I passed through the students in Menil Park as a ship coming into a fogged over port.

Inside the Rothko Chapel, I signed the register and sat in the security enforced silence. The worn wooden benches without backs looked like something from a rustic wilderness campground. I examined the dark paintings on every wall. This was depressing and if this experience was intended to be spiritual then the outlook was bleak. All I had was a thought of how they resembled the black monolith from the Kubrick film 2001: A Space Odyssey. I loved that film, but these paintings were like staring at the soot covered back of a fireplace. Rothko's other paintings held such power and intensity, these were as if he was resigned to the nothingness or The Nothing that wanted to devour all of Fantastica in The Neverending Story. He killed himself in 1970, not long after these were painted.

I left after five minutes. The weight inside was too much. That was a tomb inside a coma where dreams were impossible. Outside I laughed. It was the appropriate response a living person would have to shake off that darkness. I did not want that to cling to me like yesterday. The loud college students were the sound of life.

I came expecting to hear Morton Feldman's Rothko Chapel playing in the background; that might have helped with the experience some and made it more spiritual. Feldman wrote Why Patterns? which I consider to be the natural sound of New Hope and mentioned it in Dweller On The Boundary.

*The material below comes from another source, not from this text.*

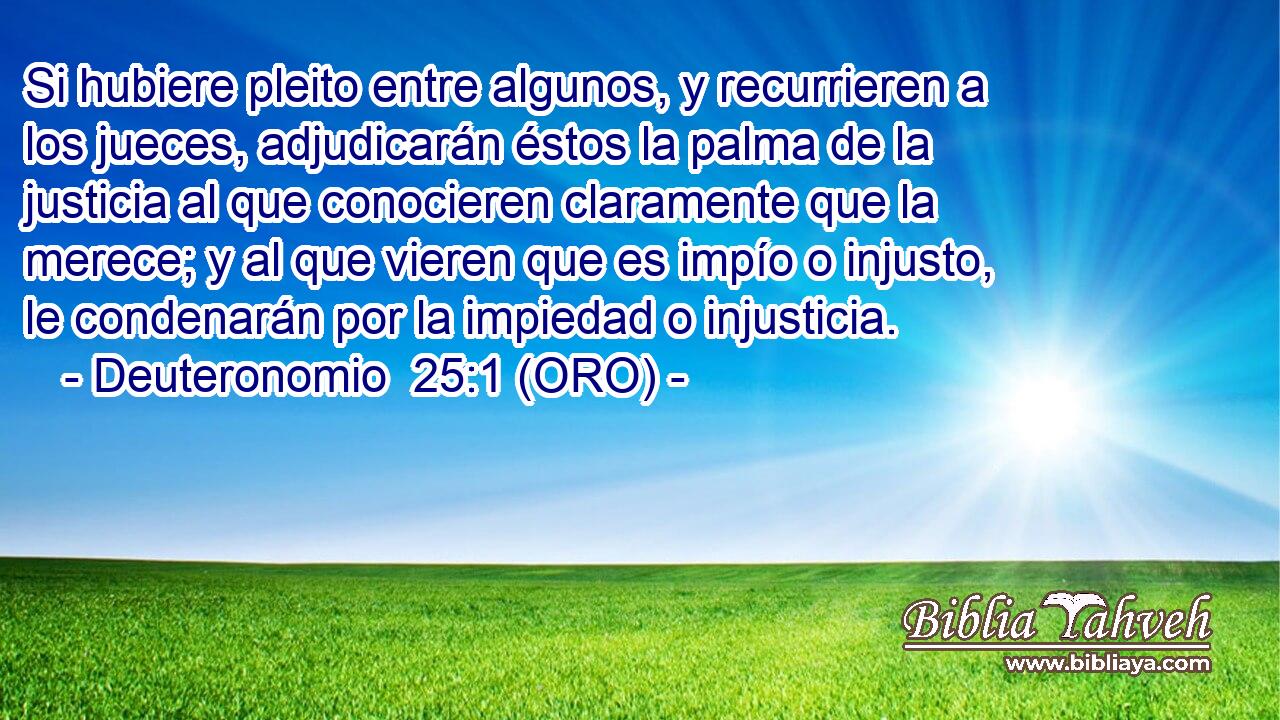 Si hubiere pleito entre algunos, y recurrieren a los jueces, adjudicarán éstos la palma de la justicia al que conocieren claramente que la merece; y al que vieren que es impío o injusto, le condenarán por la impiedad o injusticia. 
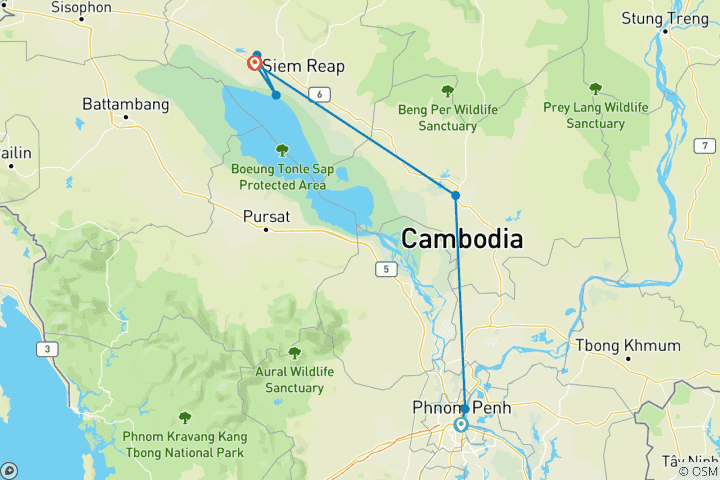 Map of Cambodia Bike Tour: Phnom Penh to Angkor Wat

In the reflecting pool I saw myself. I was not invisible, but my profile was low. There was no rainbow sticker on my forehead, but the contradiction I cannot solve floated in the water like oak leaves.

A contradiction exists in how I write and how I live. It is difficult for me to reconcile this and it was the same problem when I was in broadcasting. I hated to tell people that I worked at The Weather Channel and was on radio stations across the country from New York to Los Angeles, but people would ask what I did for living as a way to measure and judge me. Work for most people is a means to an end and I no more impressed with a physician than I am the cashier at Home Depot. It felt like boasting to say that I did television voice overs, commercials and had been a disc jockey too. It brought unwanted attention from the woman that cut my hair, to drive-thru bank tellers and I suspect one guy slept with me just because of how I made money. People did not think of me that way when I had worked in a warehouse and drove a forklift between radio gigs.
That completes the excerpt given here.